*What this task involves*
Look through the entries below for the string "Photo", and copy each line where it is found.

*Data to use*

....

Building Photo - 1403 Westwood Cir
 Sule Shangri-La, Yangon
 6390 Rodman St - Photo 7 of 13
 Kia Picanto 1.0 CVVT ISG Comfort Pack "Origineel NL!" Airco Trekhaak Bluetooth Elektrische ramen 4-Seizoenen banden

....

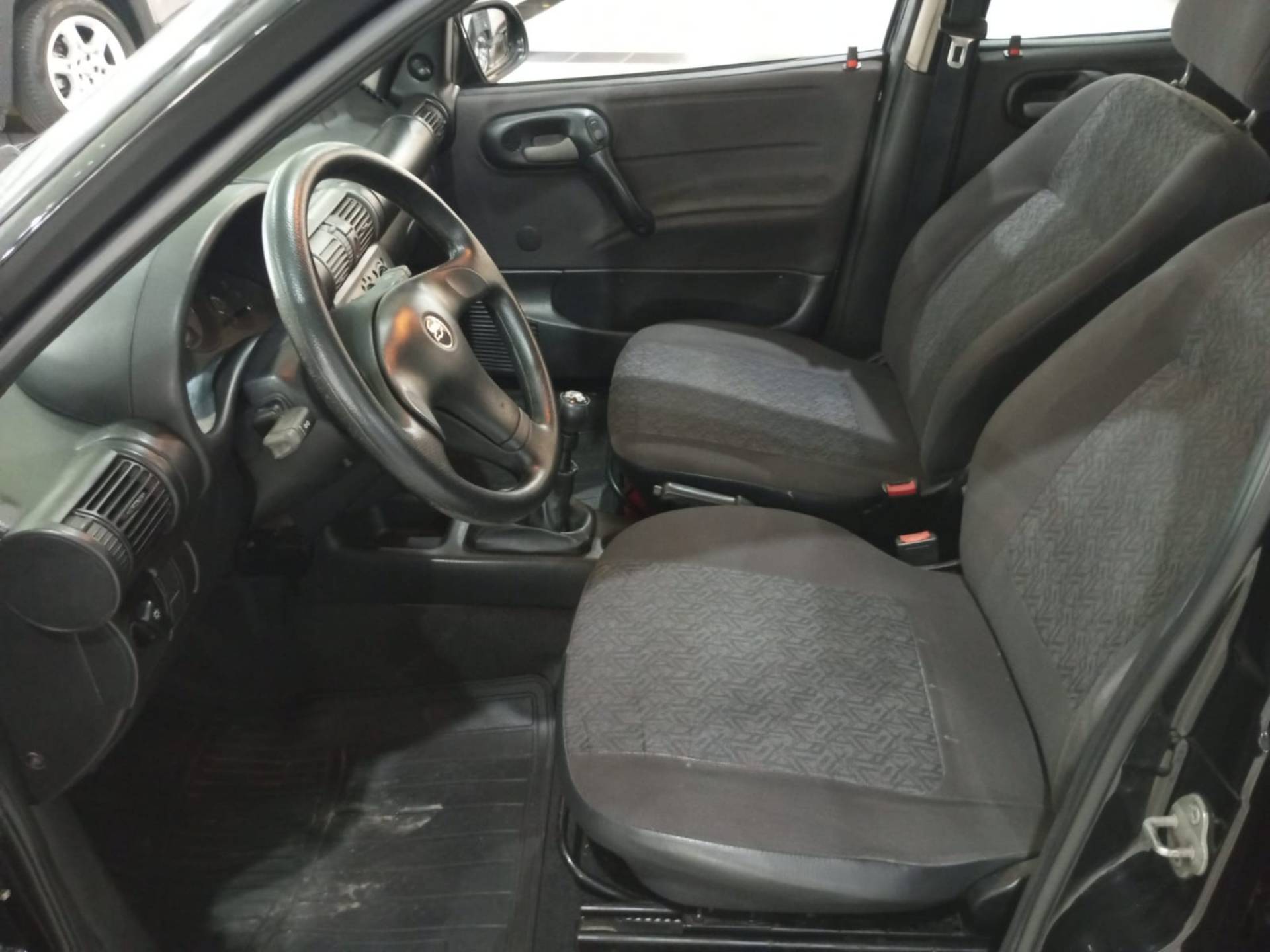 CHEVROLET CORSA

....

*Written solution*
Building Photo - 1403 Westwood Cir
 6390 Rodman St - Photo 7 of 13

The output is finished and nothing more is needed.